小説 平穏の陰 第二部(3)
「狂ってる」
僕は開口一番、そう言った。
「ああ、狂ってる」
と立花先輩も相槌を打つ。
「先輩もですよ。よくあんな人に優しい言葉がかけられますね」
僕は少々煽ったつもりだった。だけど先輩は黙った。肩透かしを食らった気分だ。
代わりに別のことを言い出す。
「巻き込んですまなかったな」
「いえ、僕が無理矢理ついてきただけです」
「君も今日はゆっくり休んでくれ。これはうちのクラスの問題だから、君が心を痛める必要はない」
「……ありがとうございます」
とは言ったものの、僕は複雑な気持ちだった。僕には関係大ありなことだった。だって僕は、藤堂先輩を――と思うと嗚咽しそうになったから、考えるのを止めた。立花先輩に気づかれたくはない。
あたりはもう日が暮れ、星がちらほらと見え始めていた。
その後、昏睡状態に陥っていた7人は、それぞれの肉体が限界を迎えたタイミングで亡くなっていった。
暖里亜先輩は、警察が事情聴取を行った後、今はどこかの施設でカウンセリングを受けているという。
僕はというと、あれ以来図書室に行く気が起きず、休み時間はぼんやりとクラスの皆の様子を遠目で見ていたり、興味のない会話に聞き耳を立てたりしていた。

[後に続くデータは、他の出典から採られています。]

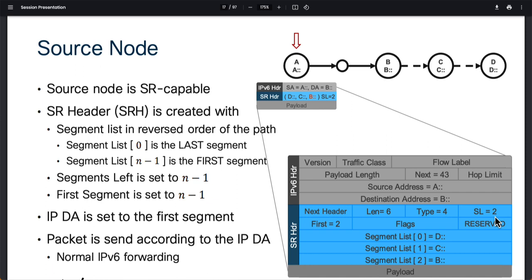The packet is sent according to the IP destination address, where you have normal IPv6 forwarding happening. So D is the last segment representing our actual destination, the first segment index is two pointing to B, and segment left indicates how many segments remain. The SL type here equals two, and — as a quiz — hopefully you all remember what type four was from the previous episode.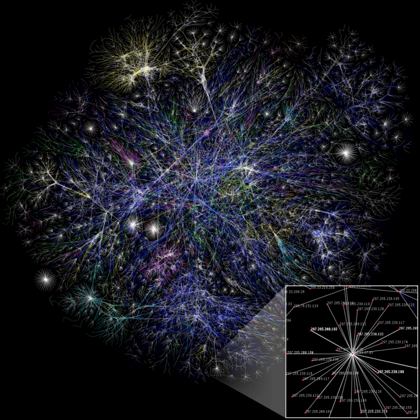The Transmission Control Program was split into two distinct protocols, the Transmission Control Protocol and the Internet Protocol. The design of the network included the recognition that it should provide only the functions of efficiently transmitting and routing traffic between end nodes and that all other intelligence should be located at the edge of the network, in the end nodes. This design is known as the end-to-end principle. Using this design, it became possible to connect almost any network to the ARPANET, irrespective of the local characteristics, thereby solving Kahn's initial internetworking problem.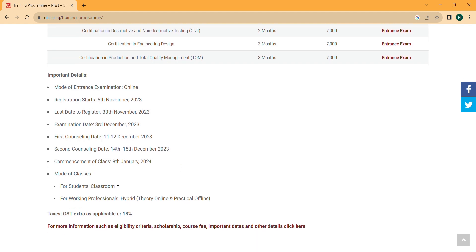The mode of the classroom is flexible. Those who are free can attend classroom training. But working professionals or those studying in college or school can choose hybrid mode — theory online and the practical part in offline mode.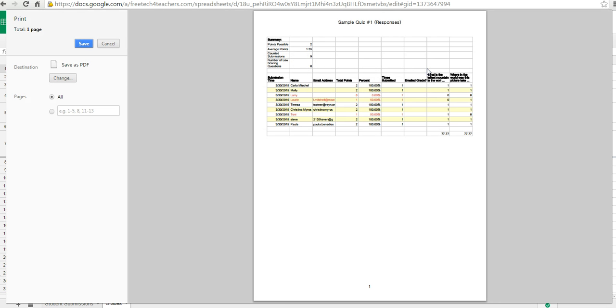So that's how you can save a hard copy of the results of running the Flubaroo script on a quiz you created in Google Forms. For more tips and tricks like this, check out FreeTechForTeachers.com.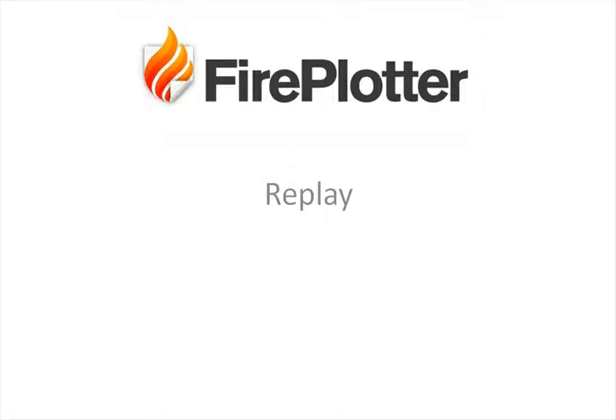So now let's look at Fireplotter's replay capability, because Fireplotter is recording all the session data that's passing through your firewall, all the traffic information. How can we use this capability?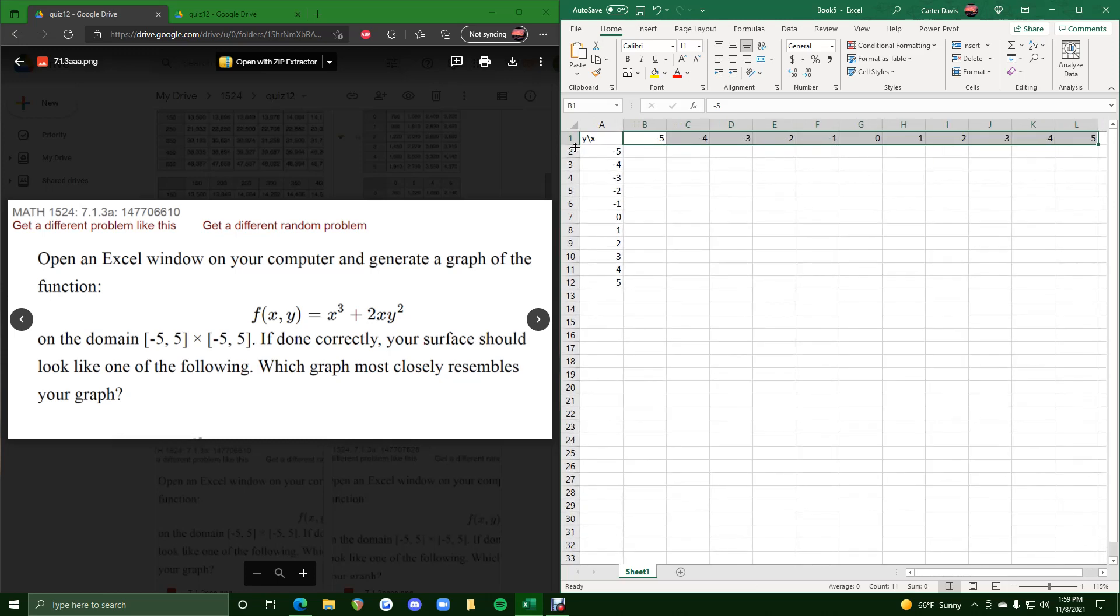So now we have a setup, y values, x values, and we will plug in the function into this cell b2.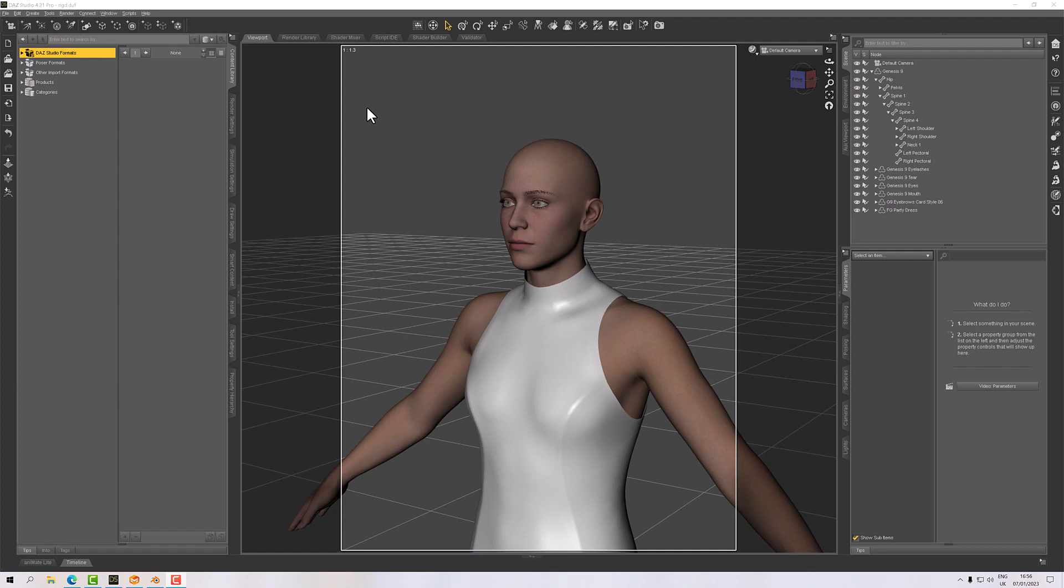Hello, welcome to this next tutorial. In this tutorial we're going to have a look at how to preserve a rigid detail on a garment.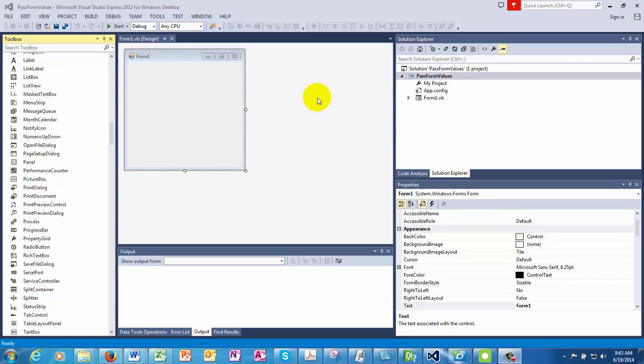Hello viewers, in this video we will show you how to pass values from one form to another. There would be two scenarios.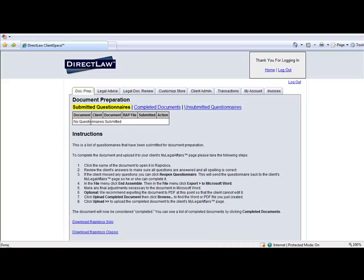DirectLaw's Level 2 and Level 3 subscriptions include access to our RapidDocs automated document libraries and also include the use of RapidDocs Solo, our document authoring system which may be used to create your own documents using your own content and may be sold through your DirectLaw platform. Please visit our DirectLaw.com site for detailed information.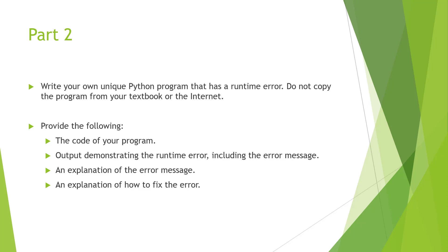Include the program, include a demonstration of the runtime error including the error messages, an explanation of what the error message means, and a way to fix the error message.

時折、僕の噂話や嘲笑が聞こえたような気もするが、僕にとってはもうどうでもよく、このどうでもいい時間がとても平穏で愛おしく、涙すら流しそうになった……けれどここで泣いてはまた変人扱いされるから、ぐっと堪えたけれども。
そう言えば僕の家庭は平穏ではなくなっていた。
父さんと母さんが離婚することになったらしい。
母さんとはここしばらく、一緒に食事をしていなかった。仕事が忙しいからだと聞いていたけれど、父さんの嘘だったのかな。
僕も僕で、自分のことに精一杯だったから気にも留めていなかった。
母さんが家を出て行くことになり、僕は、父さんと一緒にこの家に残ることとなった。
僕はまだ母さんが居るうちに、母さんの仕事が見たいと言って作業室を見せてもらった。
久しぶりに入る作業室。そこには老若男女、様々な等身大の人形たちが、椅子に座ったり、壁にもたれかかったりして並べられていた。その光景は、何だか授業参観を想起させる。
「この人形たちはどういう人が買うの?」
と訊くと、母さんは手近な一体を眺めながら、
「勿論、人形が好きな人たちよ。人形という存在に惚れ込んだ人たち。人と同じ形をしながら動かず老いず、凛として無感動に世の中を見つめている……そんな独特な魅力があるのよ」
「へぇ……」
そんな話をしながら作業室を見て回ると、昔、僕のお気に入りだった女の子の人形がまだ残っていた。今は僕の方がだいぶ大きくなって、年の離れた妹のように見えてしまう。
「その人形、好きだったでしょう?置いていこうか」
「ゔ……」
ばれていたのか。まぁそうだよね、母さんだもん。
僕は、その子を置いていってもらうことにした。
母さんが家を出た後、この作業室は僕の部屋になった。
仕事具や人形たちが居なくなったこの部屋はやたらと広く感じる。
僕は取り敢えず勉強机とベッドを運び入れ、女の子の人形は椅子に座らせて壁際に置いた。
相変わらず、漆黒の瞳が綺麗だった。